(DATA FOR PROCESSING)

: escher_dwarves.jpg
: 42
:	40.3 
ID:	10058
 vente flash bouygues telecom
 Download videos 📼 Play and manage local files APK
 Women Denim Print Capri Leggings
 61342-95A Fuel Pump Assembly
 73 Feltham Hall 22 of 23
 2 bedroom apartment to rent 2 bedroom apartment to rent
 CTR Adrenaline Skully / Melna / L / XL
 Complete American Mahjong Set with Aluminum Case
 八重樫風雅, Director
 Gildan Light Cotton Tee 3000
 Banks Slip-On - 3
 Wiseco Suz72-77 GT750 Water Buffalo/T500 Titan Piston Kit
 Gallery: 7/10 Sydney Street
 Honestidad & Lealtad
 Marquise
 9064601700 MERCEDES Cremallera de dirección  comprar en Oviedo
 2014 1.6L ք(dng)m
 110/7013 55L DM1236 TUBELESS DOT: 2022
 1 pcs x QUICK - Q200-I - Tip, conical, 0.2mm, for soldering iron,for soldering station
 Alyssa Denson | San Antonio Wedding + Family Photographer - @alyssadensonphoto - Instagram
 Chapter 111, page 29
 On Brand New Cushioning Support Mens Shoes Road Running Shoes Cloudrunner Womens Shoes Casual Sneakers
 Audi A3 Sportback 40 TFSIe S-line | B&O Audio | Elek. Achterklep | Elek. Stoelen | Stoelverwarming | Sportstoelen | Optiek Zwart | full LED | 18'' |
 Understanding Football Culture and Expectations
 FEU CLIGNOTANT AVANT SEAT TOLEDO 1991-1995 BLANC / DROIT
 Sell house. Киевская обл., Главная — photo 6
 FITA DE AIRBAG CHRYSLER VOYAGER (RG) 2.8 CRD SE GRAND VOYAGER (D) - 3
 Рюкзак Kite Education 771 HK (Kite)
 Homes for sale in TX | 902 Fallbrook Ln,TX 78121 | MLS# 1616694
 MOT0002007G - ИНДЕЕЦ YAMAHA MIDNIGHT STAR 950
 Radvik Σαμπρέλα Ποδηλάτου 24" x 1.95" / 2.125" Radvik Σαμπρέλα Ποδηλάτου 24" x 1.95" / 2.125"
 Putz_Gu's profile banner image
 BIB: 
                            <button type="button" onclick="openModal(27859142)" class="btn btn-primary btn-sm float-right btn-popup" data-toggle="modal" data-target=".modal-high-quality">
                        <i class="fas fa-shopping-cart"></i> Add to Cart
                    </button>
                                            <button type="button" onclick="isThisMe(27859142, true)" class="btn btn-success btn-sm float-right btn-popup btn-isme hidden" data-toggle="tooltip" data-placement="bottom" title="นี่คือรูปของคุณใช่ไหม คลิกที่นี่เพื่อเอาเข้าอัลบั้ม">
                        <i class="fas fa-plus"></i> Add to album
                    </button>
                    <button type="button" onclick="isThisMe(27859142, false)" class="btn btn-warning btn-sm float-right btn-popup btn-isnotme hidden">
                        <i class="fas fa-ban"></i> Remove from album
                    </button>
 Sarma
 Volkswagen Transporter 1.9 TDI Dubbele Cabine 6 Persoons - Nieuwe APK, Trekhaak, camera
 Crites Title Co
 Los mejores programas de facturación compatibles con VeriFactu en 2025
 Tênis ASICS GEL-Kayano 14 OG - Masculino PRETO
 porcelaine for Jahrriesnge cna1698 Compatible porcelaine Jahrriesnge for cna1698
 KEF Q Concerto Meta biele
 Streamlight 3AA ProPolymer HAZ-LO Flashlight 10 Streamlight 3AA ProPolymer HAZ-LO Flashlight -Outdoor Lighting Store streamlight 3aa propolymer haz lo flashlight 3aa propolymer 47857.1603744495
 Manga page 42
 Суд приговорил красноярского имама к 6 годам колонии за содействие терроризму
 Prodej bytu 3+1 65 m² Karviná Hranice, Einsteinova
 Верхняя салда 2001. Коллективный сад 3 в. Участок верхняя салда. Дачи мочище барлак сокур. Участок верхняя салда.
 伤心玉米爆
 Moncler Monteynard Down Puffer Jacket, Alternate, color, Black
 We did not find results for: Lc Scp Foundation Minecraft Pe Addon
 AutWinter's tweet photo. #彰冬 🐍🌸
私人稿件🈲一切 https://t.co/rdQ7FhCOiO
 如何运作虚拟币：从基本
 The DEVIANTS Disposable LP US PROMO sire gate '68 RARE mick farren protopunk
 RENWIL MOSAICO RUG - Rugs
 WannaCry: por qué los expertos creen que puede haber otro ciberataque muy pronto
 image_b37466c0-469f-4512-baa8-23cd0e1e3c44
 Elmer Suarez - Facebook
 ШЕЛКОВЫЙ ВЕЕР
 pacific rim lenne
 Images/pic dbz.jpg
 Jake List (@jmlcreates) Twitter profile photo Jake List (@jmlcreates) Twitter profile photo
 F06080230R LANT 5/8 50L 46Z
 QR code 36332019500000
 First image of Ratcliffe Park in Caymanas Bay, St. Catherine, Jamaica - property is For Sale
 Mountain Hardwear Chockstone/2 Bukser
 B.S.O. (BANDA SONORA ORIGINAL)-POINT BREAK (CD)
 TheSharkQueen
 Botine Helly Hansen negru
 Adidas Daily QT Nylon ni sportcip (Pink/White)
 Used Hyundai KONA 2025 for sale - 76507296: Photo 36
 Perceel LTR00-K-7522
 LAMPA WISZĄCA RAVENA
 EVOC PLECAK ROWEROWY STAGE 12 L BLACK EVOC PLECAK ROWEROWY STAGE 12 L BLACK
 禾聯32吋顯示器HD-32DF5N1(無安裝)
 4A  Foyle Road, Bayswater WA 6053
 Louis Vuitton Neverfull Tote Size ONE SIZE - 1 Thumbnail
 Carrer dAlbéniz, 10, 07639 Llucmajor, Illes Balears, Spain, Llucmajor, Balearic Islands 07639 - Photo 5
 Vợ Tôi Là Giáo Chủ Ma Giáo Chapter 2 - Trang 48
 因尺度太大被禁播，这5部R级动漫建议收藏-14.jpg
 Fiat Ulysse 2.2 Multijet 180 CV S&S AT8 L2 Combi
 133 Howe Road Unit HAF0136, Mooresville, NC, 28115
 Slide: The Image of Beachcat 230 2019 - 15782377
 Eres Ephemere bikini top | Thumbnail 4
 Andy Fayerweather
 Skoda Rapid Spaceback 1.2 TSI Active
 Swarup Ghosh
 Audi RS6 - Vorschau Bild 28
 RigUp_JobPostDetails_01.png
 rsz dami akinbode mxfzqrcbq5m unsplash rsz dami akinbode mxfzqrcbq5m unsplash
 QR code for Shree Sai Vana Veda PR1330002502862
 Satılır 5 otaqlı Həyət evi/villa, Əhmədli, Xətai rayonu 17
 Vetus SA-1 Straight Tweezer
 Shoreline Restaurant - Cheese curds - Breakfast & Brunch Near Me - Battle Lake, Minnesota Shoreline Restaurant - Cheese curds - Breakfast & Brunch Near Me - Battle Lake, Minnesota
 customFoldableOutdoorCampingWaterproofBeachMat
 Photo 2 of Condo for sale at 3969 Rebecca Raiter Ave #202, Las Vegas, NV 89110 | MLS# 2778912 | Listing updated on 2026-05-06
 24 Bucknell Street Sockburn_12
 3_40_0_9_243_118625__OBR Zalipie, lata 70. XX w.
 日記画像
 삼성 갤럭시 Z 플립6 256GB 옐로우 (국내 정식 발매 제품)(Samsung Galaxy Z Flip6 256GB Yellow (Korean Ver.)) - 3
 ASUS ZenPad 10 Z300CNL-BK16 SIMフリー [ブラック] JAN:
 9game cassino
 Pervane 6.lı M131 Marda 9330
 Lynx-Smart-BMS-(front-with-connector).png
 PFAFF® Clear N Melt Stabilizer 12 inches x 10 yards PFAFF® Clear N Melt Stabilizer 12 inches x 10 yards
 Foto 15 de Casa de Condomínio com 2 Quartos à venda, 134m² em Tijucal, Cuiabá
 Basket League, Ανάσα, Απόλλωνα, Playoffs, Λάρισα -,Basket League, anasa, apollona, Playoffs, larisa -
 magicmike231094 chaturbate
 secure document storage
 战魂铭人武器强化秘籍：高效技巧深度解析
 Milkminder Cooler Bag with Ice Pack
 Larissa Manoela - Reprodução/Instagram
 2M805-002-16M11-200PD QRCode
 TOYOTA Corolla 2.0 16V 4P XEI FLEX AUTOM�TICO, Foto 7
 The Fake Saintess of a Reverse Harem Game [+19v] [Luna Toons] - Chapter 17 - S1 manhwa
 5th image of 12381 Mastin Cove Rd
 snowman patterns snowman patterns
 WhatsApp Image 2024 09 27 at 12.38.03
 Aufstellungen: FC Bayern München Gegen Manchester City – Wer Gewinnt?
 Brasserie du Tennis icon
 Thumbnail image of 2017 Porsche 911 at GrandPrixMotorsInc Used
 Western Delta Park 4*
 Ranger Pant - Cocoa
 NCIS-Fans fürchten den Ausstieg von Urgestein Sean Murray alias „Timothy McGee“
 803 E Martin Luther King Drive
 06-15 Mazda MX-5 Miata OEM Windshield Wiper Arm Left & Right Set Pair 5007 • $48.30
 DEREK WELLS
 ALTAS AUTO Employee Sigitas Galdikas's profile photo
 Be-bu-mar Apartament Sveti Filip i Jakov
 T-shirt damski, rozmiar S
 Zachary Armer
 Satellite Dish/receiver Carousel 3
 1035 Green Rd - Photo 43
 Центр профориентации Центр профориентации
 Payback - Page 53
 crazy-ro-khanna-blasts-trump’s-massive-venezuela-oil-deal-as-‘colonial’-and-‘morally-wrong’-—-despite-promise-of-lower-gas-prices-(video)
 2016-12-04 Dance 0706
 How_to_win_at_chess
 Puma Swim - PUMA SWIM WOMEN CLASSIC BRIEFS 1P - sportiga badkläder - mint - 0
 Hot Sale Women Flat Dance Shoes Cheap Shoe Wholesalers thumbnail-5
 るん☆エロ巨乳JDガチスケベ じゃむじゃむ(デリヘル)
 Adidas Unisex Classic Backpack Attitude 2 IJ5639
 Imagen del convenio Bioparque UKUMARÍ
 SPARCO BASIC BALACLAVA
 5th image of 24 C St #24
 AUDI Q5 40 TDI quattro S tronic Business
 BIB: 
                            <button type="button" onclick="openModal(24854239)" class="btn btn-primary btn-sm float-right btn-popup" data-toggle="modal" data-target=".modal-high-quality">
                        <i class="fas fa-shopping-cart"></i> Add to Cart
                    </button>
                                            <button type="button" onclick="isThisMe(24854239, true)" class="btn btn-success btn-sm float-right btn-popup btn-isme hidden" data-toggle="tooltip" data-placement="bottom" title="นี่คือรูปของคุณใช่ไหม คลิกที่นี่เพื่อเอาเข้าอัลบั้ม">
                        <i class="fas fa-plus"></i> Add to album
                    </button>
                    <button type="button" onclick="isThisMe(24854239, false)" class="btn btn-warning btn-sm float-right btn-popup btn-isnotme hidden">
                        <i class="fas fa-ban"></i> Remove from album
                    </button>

(End DATA FOR PROCESSING)

**WORK TO BE COMPLETED:** In the listing above, find the line containing "Lake, Minnesota Shoreline" and the line containing "战魂铭人武器强化秘籍：高效技巧深度解析", then retype both and every line between them exactly, with nothing else.

**SOLUTION TO THIS PROBLEM:**
 Shoreline Restaurant - Cheese curds - Breakfast & Brunch Near Me - Battle Lake, Minnesota Shoreline Restaurant - Cheese curds - Breakfast & Brunch Near Me - Battle Lake, Minnesota
 customFoldableOutdoorCampingWaterproofBeachMat
 Photo 2 of Condo for sale at 3969 Rebecca Raiter Ave #202, Las Vegas, NV 89110 | MLS# 2778912 | Listing updated on 2026-05-06
 24 Bucknell Street Sockburn_12
 3_40_0_9_243_118625__OBR Zalipie, lata 70. XX w.
 日記画像
 삼성 갤럭시 Z 플립6 256GB 옐로우 (국내 정식 발매 제품)(Samsung Galaxy Z Flip6 256GB Yellow (Korean Ver.)) - 3
 ASUS ZenPad 10 Z300CNL-BK16 SIMフリー [ブラック] JAN:
 9game cassino
 Pervane 6.lı M131 Marda 9330
 Lynx-Smart-BMS-(front-with-connector).png
 PFAFF® Clear N Melt Stabilizer 12 inches x 10 yards PFAFF® Clear N Melt Stabilizer 12 inches x 10 yards
 Foto 15 de Casa de Condomínio com 2 Quartos à venda, 134m² em Tijucal, Cuiabá
 Basket League, Ανάσα, Απόλλωνα, Playoffs, Λάρισα -,Basket League, anasa, apollona, Playoffs, larisa -
 magicmike231094 chaturbate
 secure document storage
 战魂铭人武器强化秘籍：高效技巧深度解析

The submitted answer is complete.